++++ SOURCE DATA ++++

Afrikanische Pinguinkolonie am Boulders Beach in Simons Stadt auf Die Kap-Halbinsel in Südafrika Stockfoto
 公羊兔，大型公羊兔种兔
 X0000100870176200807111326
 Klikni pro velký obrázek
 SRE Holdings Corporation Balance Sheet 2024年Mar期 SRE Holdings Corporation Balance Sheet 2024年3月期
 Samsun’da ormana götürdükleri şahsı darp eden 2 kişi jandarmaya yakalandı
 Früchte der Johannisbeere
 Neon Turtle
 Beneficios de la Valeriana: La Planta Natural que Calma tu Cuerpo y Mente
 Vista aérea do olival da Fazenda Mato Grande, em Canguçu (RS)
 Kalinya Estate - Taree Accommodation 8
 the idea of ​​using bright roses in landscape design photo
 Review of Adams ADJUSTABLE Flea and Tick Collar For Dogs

++++

Whatever lines appear above, reproduce every one of them exactly.

SOLUTION BELOW
Afrikanische Pinguinkolonie am Boulders Beach in Simons Stadt auf Die Kap-Halbinsel in Südafrika Stockfoto
 公羊兔，大型公羊兔种兔
 X0000100870176200807111326
 Klikni pro velký obrázek
 SRE Holdings Corporation Balance Sheet 2024年Mar期 SRE Holdings Corporation Balance Sheet 2024年3月期
 Samsun’da ormana götürdükleri şahsı darp eden 2 kişi jandarmaya yakalandı
 Früchte der Johannisbeere
 Neon Turtle
 Beneficios de la Valeriana: La Planta Natural que Calma tu Cuerpo y Mente
 Vista aérea do olival da Fazenda Mato Grande, em Canguçu (RS)
 Kalinya Estate - Taree Accommodation 8
 the idea of ​​using bright roses in landscape design photo
 Review of Adams ADJUSTABLE Flea and Tick Collar For Dogs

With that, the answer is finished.